Hari itu bahkan bukan minggu, atau waktu-waktu dimana orang sudah pulang bekerja; matahari masih cukup tinggi dengan jam tangan yang menunjukkan pukul setengah dua siang saat beberapa saat lalu, Bae Seokwang melihatnya.

Berjalan masuk ke sebuah gedung apartemen yang sudah sangat familiar baginya, pria pensiunan detektif kepolisian itu berhenti di depan sebuah lift. Berdiri di sana, matanya mengamati sekitar; kebiasaan itu ternyata masih tak bisa hilang walau sudah lima atau enam tahun berlalu sejak harinya hanya diisi dengan bersantai di rumah sembari menjaga si Ayah mertua rentanya.

"Oh, Bae Seokwang-ssi?"

Teguran itu sedikit mengejutkannya yang sejenak memandang ke arah lain. Menolehkan kepala pada sumber suara, ada Kim Suho yang berjalan menghampirinya.
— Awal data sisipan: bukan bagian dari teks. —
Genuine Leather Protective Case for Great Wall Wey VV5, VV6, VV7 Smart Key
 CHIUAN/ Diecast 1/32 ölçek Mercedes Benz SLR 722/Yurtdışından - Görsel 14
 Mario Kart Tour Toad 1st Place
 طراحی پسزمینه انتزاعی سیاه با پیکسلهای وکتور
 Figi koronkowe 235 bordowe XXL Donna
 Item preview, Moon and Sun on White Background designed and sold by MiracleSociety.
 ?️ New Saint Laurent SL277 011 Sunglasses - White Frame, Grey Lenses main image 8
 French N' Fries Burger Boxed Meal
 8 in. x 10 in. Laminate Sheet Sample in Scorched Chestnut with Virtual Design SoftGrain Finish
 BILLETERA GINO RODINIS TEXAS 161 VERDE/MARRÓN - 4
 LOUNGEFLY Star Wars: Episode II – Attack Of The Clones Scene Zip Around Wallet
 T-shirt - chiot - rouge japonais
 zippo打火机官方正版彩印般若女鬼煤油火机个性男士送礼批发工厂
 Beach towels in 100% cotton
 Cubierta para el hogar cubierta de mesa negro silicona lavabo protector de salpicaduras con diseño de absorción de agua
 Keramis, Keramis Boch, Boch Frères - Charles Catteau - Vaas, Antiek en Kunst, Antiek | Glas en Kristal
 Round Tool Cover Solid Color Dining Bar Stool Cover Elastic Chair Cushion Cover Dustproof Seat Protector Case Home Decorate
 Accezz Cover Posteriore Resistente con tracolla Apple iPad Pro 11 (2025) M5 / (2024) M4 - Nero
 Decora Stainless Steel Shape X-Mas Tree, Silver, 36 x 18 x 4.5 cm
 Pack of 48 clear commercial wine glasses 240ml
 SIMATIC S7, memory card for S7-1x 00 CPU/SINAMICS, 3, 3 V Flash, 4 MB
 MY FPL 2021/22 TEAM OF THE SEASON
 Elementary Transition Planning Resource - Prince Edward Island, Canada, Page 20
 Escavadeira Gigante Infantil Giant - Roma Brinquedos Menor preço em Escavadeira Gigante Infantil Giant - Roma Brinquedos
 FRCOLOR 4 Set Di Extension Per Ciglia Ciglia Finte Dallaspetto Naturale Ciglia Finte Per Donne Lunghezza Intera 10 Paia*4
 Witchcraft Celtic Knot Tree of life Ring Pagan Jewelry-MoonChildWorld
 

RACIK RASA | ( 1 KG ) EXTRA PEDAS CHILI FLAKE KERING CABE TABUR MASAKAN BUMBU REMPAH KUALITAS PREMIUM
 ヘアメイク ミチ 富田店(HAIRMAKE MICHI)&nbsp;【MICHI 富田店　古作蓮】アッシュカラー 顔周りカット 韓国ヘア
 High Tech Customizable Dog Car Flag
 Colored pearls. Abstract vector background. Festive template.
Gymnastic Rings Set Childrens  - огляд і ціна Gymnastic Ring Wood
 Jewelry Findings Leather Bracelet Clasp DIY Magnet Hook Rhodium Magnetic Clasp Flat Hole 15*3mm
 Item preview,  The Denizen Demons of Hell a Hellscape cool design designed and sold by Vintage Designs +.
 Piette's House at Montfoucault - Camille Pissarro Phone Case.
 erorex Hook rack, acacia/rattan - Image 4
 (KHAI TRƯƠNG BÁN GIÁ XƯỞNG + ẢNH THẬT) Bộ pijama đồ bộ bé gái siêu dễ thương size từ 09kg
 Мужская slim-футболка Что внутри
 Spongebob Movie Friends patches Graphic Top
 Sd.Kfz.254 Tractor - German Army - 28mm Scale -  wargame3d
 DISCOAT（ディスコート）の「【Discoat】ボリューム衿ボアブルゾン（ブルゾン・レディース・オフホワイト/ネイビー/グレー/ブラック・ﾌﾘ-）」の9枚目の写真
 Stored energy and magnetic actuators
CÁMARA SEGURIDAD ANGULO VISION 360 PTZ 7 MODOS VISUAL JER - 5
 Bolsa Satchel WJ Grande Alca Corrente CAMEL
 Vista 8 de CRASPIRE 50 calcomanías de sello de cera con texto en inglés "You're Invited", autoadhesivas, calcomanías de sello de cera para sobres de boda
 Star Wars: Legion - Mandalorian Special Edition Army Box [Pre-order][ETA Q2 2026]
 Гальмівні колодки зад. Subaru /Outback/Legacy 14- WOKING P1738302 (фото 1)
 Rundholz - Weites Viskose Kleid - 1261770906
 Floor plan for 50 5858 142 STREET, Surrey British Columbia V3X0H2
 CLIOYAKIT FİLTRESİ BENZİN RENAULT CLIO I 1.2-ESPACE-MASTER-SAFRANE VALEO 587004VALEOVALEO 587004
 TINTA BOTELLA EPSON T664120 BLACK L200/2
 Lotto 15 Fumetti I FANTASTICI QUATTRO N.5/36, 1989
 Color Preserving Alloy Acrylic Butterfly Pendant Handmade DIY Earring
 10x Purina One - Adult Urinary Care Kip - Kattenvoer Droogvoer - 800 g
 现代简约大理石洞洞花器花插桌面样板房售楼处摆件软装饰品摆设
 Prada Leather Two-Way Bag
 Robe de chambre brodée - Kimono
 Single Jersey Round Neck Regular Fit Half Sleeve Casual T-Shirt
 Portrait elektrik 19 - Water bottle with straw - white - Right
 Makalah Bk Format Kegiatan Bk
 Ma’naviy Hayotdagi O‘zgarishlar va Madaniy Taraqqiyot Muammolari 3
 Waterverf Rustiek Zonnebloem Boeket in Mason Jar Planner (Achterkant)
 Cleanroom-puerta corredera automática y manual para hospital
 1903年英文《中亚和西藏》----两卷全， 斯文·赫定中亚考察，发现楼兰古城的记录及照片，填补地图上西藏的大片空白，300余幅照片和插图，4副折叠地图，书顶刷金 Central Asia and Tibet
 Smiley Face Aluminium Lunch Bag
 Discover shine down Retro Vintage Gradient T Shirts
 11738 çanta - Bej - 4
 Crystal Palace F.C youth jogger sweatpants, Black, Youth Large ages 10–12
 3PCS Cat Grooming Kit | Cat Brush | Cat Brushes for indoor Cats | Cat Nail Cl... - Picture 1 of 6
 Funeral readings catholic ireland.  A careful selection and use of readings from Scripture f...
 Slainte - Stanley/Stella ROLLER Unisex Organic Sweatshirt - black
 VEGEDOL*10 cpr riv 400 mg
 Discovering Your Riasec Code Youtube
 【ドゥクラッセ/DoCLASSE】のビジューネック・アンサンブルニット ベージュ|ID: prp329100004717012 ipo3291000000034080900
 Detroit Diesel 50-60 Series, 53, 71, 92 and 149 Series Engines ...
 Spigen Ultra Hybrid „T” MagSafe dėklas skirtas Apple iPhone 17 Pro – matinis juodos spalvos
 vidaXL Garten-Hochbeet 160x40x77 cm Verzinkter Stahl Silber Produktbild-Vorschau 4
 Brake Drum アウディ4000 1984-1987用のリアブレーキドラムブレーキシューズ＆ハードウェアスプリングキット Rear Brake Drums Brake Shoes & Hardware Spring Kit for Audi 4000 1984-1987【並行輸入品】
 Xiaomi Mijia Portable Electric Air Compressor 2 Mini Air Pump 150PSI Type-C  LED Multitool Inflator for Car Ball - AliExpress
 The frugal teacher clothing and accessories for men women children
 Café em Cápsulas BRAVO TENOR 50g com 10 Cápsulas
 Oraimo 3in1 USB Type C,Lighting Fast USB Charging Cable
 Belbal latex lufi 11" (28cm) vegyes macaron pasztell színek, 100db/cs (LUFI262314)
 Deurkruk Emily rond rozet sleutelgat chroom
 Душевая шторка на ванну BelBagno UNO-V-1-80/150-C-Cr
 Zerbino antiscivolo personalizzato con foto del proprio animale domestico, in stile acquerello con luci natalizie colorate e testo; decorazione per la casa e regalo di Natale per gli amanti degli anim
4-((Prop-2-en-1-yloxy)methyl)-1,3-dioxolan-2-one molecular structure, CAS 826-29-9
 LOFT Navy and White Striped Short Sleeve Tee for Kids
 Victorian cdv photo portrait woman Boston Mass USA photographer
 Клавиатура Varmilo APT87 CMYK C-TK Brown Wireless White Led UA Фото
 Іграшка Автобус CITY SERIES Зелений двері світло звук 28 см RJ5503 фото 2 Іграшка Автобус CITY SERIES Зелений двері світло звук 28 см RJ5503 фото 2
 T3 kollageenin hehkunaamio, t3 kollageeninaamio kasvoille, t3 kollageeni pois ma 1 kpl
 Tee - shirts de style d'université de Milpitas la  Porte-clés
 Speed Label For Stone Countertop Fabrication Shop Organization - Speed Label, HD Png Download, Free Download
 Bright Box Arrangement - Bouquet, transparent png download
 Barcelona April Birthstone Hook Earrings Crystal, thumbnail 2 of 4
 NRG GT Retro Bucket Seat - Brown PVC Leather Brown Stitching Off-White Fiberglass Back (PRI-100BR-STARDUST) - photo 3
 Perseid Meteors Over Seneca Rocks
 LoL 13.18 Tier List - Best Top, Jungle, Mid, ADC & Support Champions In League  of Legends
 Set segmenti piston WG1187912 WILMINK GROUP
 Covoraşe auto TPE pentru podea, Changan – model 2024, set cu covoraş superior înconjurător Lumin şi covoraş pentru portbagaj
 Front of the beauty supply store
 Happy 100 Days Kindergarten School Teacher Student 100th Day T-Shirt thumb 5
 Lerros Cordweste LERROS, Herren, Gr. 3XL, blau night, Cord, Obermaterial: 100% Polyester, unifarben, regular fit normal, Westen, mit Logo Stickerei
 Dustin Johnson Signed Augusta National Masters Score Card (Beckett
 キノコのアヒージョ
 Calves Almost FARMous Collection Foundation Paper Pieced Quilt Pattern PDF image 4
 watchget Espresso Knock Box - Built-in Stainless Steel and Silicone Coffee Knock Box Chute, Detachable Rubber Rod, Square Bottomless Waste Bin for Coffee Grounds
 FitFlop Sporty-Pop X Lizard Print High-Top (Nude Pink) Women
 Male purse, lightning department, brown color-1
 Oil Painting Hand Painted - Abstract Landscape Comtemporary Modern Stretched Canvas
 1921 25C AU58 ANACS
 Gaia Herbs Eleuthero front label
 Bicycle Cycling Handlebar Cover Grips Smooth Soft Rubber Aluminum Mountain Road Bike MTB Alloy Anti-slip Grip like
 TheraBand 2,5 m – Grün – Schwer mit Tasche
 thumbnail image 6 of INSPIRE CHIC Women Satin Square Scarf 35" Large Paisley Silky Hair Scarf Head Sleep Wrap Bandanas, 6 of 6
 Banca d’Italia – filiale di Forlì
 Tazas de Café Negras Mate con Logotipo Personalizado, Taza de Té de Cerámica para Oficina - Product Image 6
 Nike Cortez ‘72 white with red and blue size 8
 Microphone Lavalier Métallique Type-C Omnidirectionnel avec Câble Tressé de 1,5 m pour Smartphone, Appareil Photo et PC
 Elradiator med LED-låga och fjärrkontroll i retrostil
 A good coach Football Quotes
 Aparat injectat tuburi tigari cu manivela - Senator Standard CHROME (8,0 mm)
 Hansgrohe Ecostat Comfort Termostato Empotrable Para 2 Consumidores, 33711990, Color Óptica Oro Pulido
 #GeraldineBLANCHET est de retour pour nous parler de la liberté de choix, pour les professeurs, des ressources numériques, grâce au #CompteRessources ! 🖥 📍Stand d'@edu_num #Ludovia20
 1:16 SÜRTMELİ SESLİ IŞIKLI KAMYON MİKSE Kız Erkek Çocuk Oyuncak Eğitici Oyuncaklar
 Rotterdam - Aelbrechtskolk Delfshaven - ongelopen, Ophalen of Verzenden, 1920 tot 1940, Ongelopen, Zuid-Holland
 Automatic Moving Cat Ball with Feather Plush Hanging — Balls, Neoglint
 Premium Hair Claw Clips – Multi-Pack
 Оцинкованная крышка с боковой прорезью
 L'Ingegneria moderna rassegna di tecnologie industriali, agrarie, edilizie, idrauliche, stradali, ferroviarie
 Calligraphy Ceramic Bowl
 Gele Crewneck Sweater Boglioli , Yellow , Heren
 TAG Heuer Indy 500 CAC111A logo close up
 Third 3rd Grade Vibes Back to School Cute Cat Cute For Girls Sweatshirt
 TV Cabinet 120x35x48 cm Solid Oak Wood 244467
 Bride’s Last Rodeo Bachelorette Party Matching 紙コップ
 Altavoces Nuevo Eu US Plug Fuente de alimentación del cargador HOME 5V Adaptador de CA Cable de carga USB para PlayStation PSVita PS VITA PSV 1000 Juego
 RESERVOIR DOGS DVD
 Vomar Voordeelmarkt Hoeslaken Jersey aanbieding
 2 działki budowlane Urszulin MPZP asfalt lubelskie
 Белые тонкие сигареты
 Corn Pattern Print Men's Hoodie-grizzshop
Dengan dua plastik besar ditangan, dibelakang lelaki itu mengikuti seorang perempuan dengan perut besarnya, yang kemudian tersenyum singkat dengan anggukkan kepala saat sadar orang tua itu menatapnya.

"Kim Seonsaengnim," Ayah Yoobin itu lebih dulu menyapa dokter yang sudah membantunya kala itu. "Dan..."

"Bae Irene, dia istriku," Suho menyahut, saat ucapan si Bapak mengambang. Memperkenalkan perempuan cantik yang kemudian dimintanya berdiri sejajar tanpa kata, pria itu melanjutkan. "Irin-ah, beliau adalah Bae Seokwang-ssi yang aku ceritakan waktu itu..." dilihatnya ada ekspresi terkejut di wajah Seokwang. "Kau ingat malam dimana ada seseorang yang meminta bantuanku? Beliau adalah Ayah dari lelaki itu, yang kubilang pingsan karena shock."

Nafas si paruh baya terhembus; ucapan yang secara tak langsung menjelaskan jika rahasia mereka masih tersimpan itu membuatnya lega.

"Anyeonghaseyo Bae Seokwang-ssi. Aku Bae Irene, istrinya Kim Suho," setelah mengerti, ia menyebutkan lagi namanya. "Terimakasih sudah menjaga suamiku--"

"Tidak, tidak," potong Seokwang. "Justru aku yang harus berterimakasih, karena Kim Seonsaengnim sudah membantuku...." ada satu kejadian lagi yang masuk ke ingatannya. "Juga adik serta menantuku."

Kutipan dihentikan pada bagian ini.